The CPI and RPI are both consumer price indices and the calculation of each uses much of the same basic price data. There are, however, some major differences:

  1. The CPI excludes some goods and services included in the RPI. Vehicle licence and TV licence duty are excluded but more importantly some housing costs, including mortgage interest payments, household insurance and council tax (but not utility bills and rents), are excluded from the CPI and account for much of the difference between the indices.
  2. The CPI includes some costs that are not in the RPI, such as charges for financial services, foreign exchange commission for tourists changing their own currency into sterling, foreign students’ university tuition fees, and university accommodation fees.
  3. The CPI covers a broader population than the RPI, which excludes high-income households and low-income pensioners.
  4. The mathematical formulae used to calculate the indices differ.

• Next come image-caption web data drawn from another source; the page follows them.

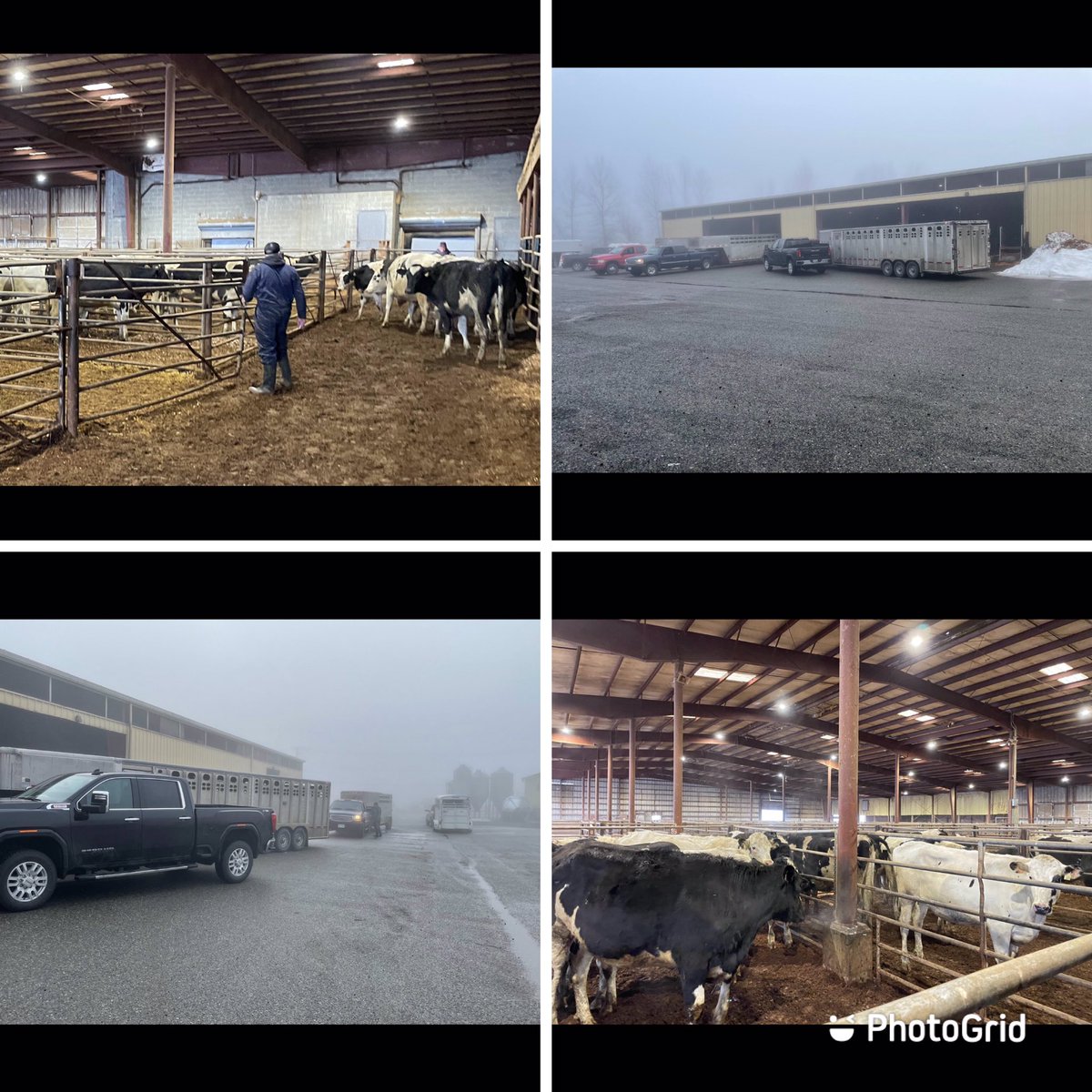 THANK YOU to the Green Acres Holstein Club of Alberta who donated a liner load of bred heifers from the Lethbridge area and sent them to Abbotsford, BC to assist dairy producers affected by the Nov 15 flood. This incredible gift was practical, valuable and very much appreciated!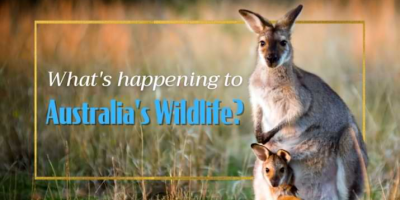                                                              IT'S AN EMERGENCY! What You Need To Know About Australia's Wildlife
                                                         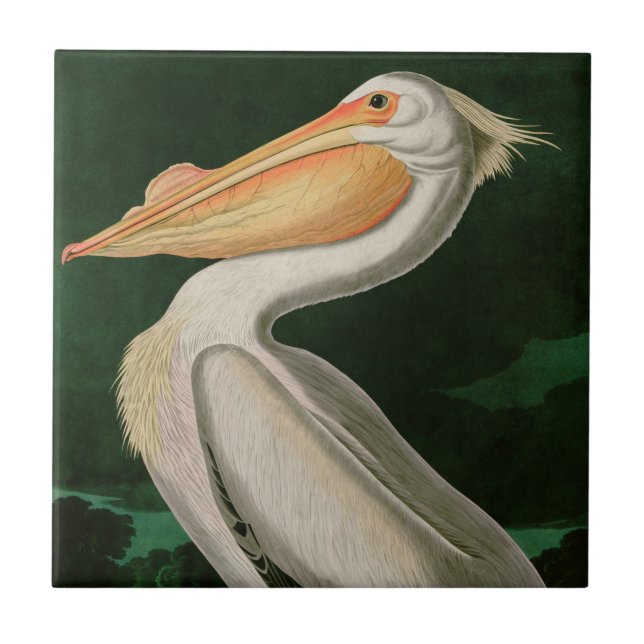 Carreau American White Pelican Birds of America Audubon (Devant)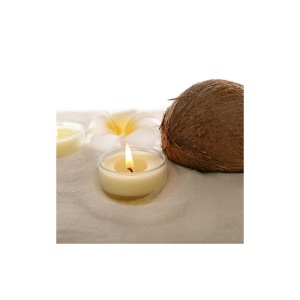 Ceara de Cocos Kerawax Coconut Container 4135 - Img 3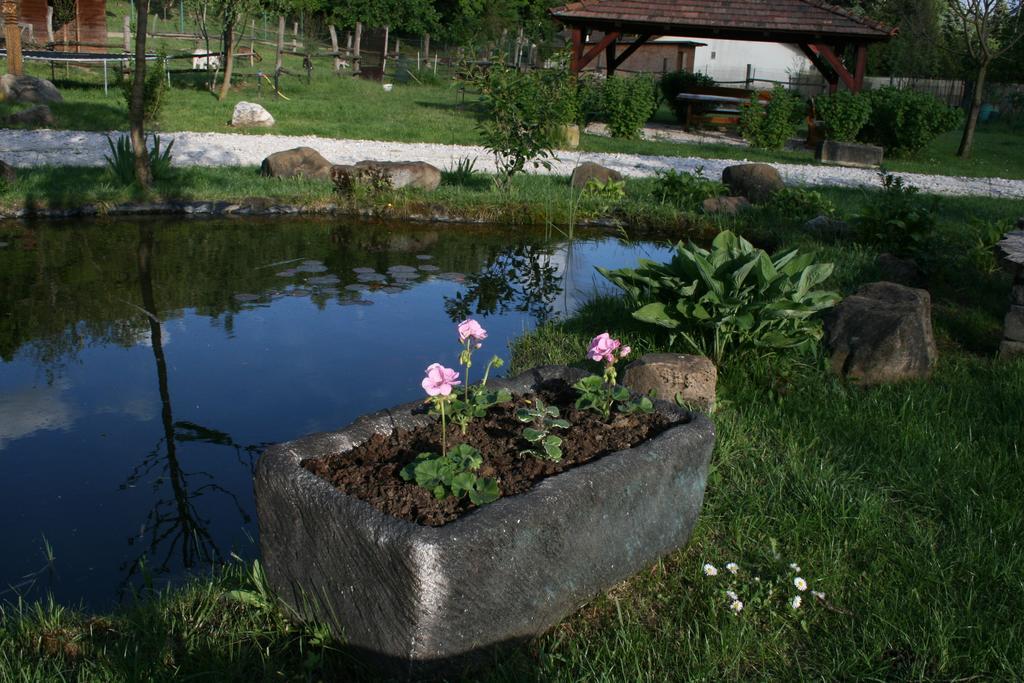 Malomdulo Farmhaz Guest House Pilisborosjeno Exterior photo
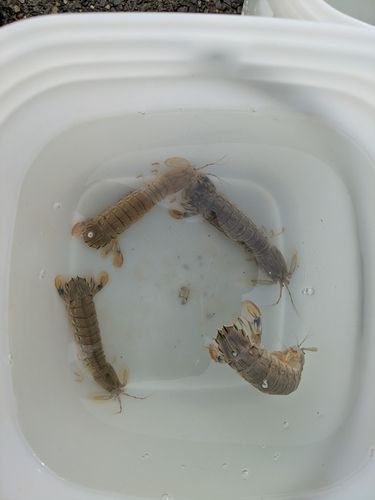 シャコの釣果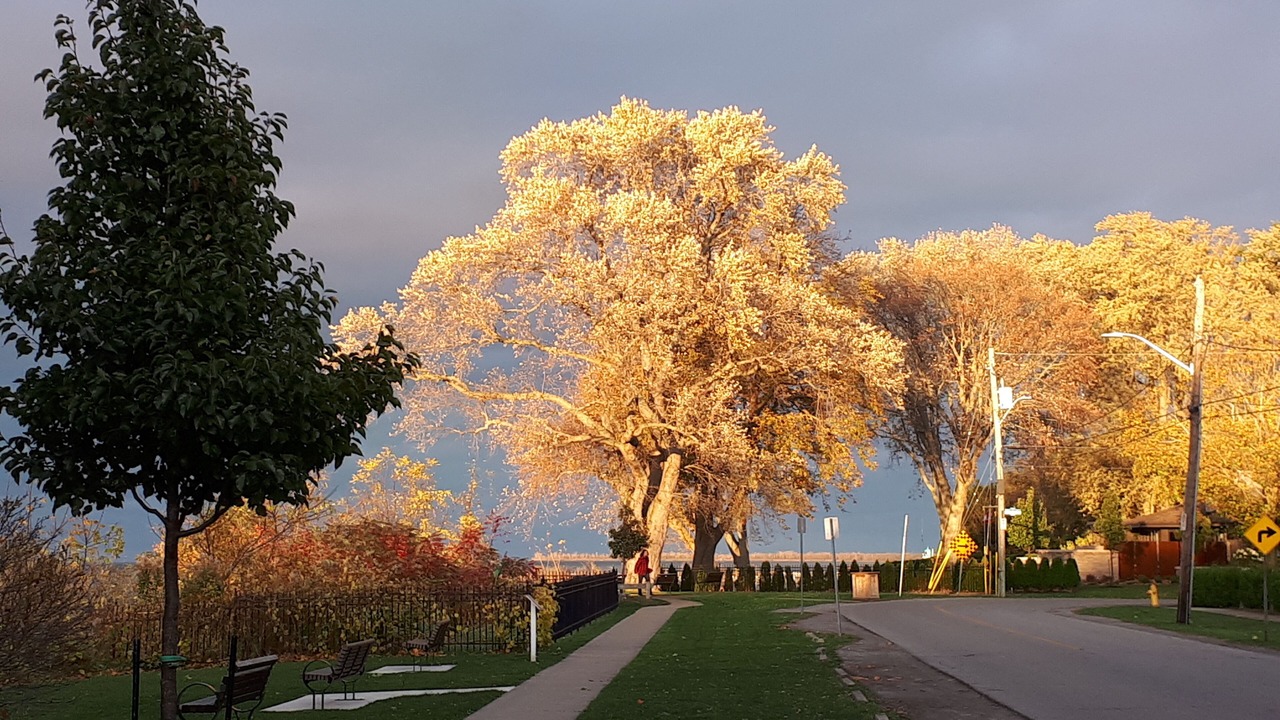 Photo of Others in Port Dalhousie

For a given set of data, the method used for the CPI (geometric means) will show smaller changes than that used for the RPI (arithmetic means).

The Institute for Fiscal Studies explains that changes in the CPI tend to be lower than the RPI both because it excludes most housing costs and because it is calculated differently.

Also see the Office for National Statistics "Differences between the RPI and CPI Measures of Inflation".

Trends in the RPI and CPI

Data from Timetric.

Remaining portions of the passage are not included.